====== Input data ======

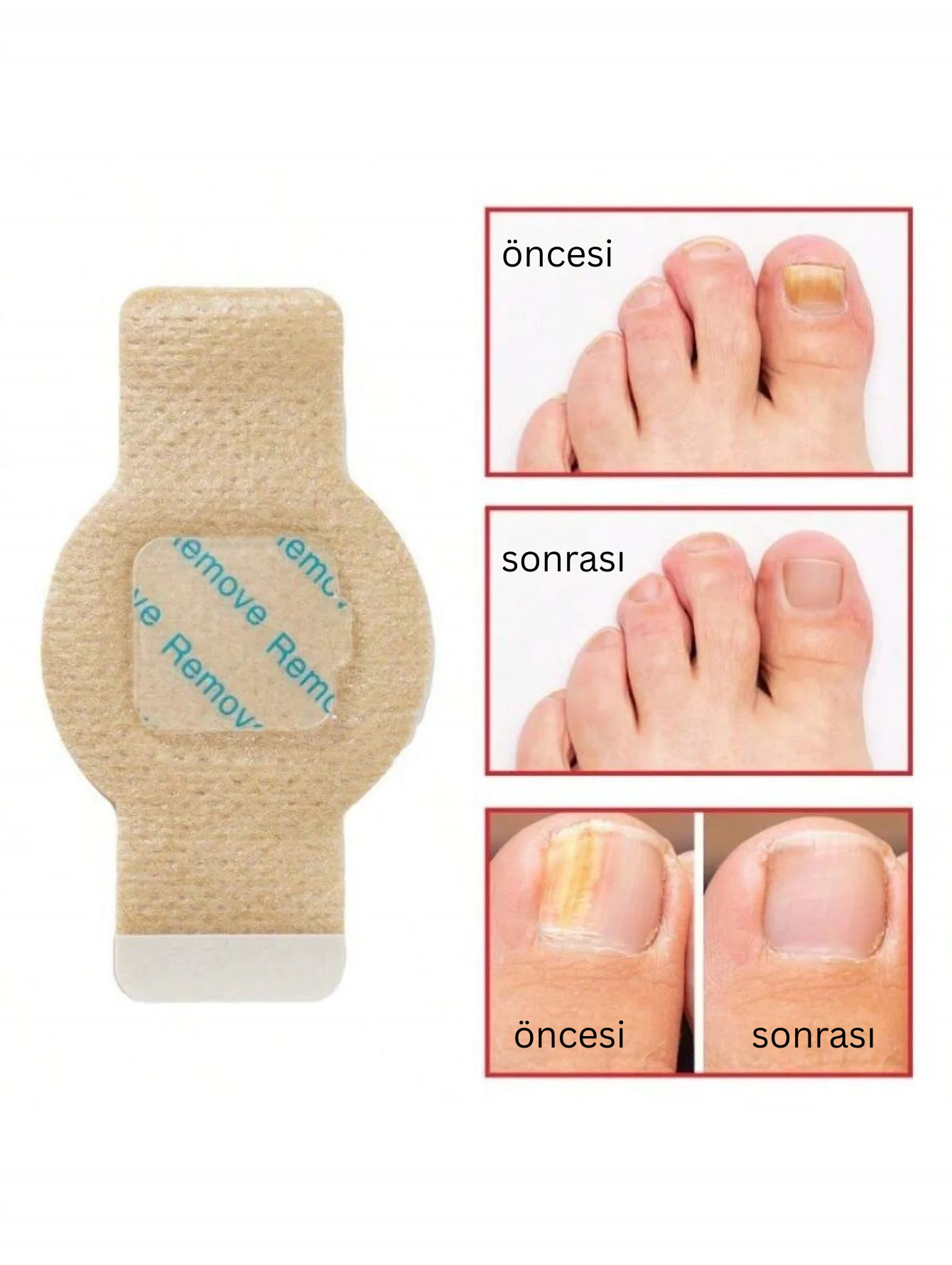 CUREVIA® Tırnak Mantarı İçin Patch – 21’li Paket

======
====== Input data ======

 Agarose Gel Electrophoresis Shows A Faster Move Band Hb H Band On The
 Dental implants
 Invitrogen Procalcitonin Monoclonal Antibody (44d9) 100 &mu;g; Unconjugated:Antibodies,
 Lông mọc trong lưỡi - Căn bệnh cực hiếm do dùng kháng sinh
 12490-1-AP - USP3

======
====== Input data ======

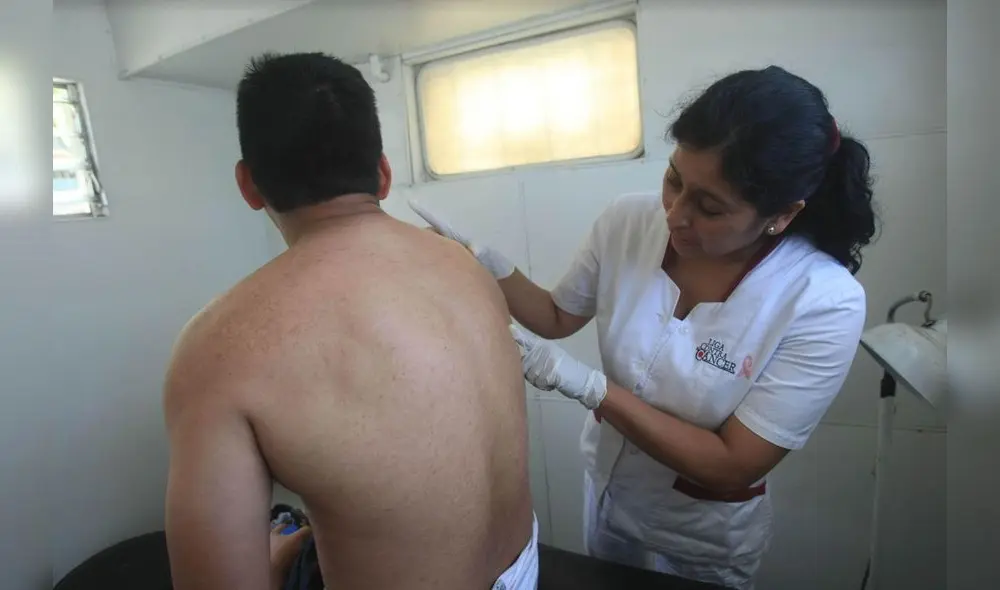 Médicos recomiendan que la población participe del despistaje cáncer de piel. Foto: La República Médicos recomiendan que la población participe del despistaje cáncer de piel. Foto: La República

======

» Work instructions
Only the lines above starting at the line that holds "Invitrogen Procalcitonin Monoclonal" and ending at the line that holds "12490-1-AP - USP3" are to be repeated, exactly and in full.

» Solution for this exercise
 Invitrogen Procalcitonin Monoclonal Antibody (44d9) 100 &mu;g; Unconjugated:Antibodies,
 Lông mọc trong lưỡi - Căn bệnh cực hiếm do dùng kháng sinh
 12490-1-AP - USP3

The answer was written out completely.